OmniGaze: Reward-inspired Generalizable Gaze Estimation in the Wild¶

Conference: NeurIPS 2025 arXiv: 2510.13660 Code: GitHub Area: Human Understanding Keywords: Gaze estimation, semi-supervised learning, pseudo-labels, reward model, cross-domain generalization

TL;DR¶

This paper proposes OmniGaze, a semi-supervised 3D gaze estimation framework that employs a reward model — fusing visual embeddings, MLLM-generated semantic gaze descriptions, and geometric direction vectors — to assess pseudo-label quality. Trained on 1.4 million unlabeled face images, OmniGaze achieves state-of-the-art performance under both within-domain and cross-domain settings across 5 datasets, and demonstrates zero-shot generalization on 4 unseen datasets.

Background & Motivation¶

3D gaze estimation aims to directly predict gaze direction from facial images and serves as a foundational technology for VR, human-computer interaction, and medical diagnosis. Existing methods face two core challenges:

Scarcity and limited diversity of annotated data: Existing annotated datasets (e.g., ETH-XGaze, Gaze360) simplify real-world scenarios through predefined assumptions (e.g., panoramic cameras, multi-view photography), yet remain limited in scale and scene diversity, causing significant performance degradation on unseen domains.

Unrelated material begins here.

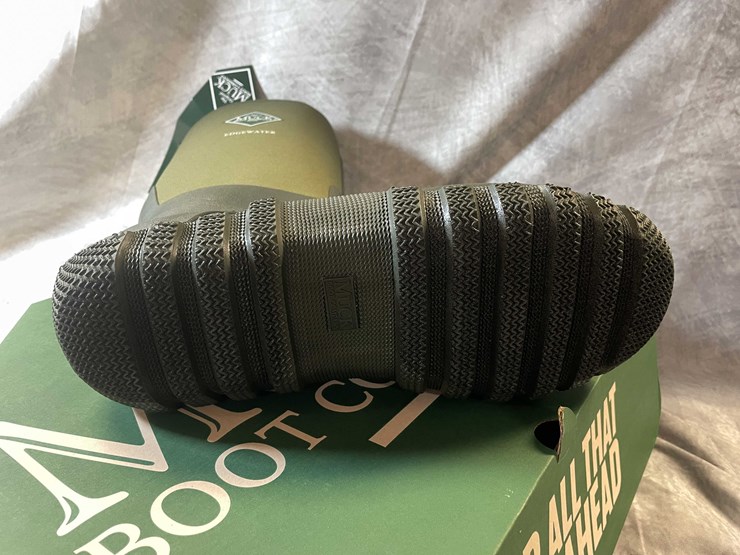 #10124-•-muck-boots-edgewater-all-purpose-knee-high-boot-image-6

Generalization methods constrained by annotation coverage: Cross-domain generalization approaches (domain adaptation, domain generalization) are effective but fundamentally bounded by the coverage of annotated source-domain data, whereas large quantities of unlabeled face images can be readily obtained through web crawling or generative models.

Gap in semi-supervised frameworks for gaze estimation: Weakly supervised methods require annotations from gaze-related domains; self-supervised pretext tasks (e.g., image reconstruction, gaze redirection) exhibit weak semantic relevance to gaze estimation and utilize unlabeled data inefficiently. Critically, existing SSL pseudo-label selection strategies (e.g., FixMatch's fixed threshold, FlexMatch's class-aware threshold) are designed for classification tasks and cannot be directly applied to continuous regression targets such as gaze direction.

This gap motivates the design of OmniGaze: a semi-supervised framework tailored for continuous regression tasks that employs a reward model to assess pseudo-label quality while leveraging large-scale unlabeled data to improve generalization.

Method¶

Overall Architecture¶

OmniGaze follows a standard three-stage semi-supervised training pipeline: (1) the teacher model is trained supervisedly on labeled data; (2) the teacher model generates pseudo-labels for unlabeled data, and a reward model filters high-quality pseudo-labels; (3) the student model is jointly trained on labeled data combined with the filtered pseudo-labeled data. The core innovations lie in the reward model design and multimodal cue fusion.

Key Designs¶

Reward model with multimodal cue fusion: The reward model $h_G$ assesses pseudo-label reliability from three perspectives:
Visual cues: A CLIP visual encoder extracts visual embeddings $\boldsymbol{f}_k^v$ from input face images.
Semantic cues: An MLLM (InstructBLIP) is queried with "where is this person looking in 3D space?" to obtain a natural language description, which is encoded via the CLIP text encoder into $\boldsymbol{f}_k^t$.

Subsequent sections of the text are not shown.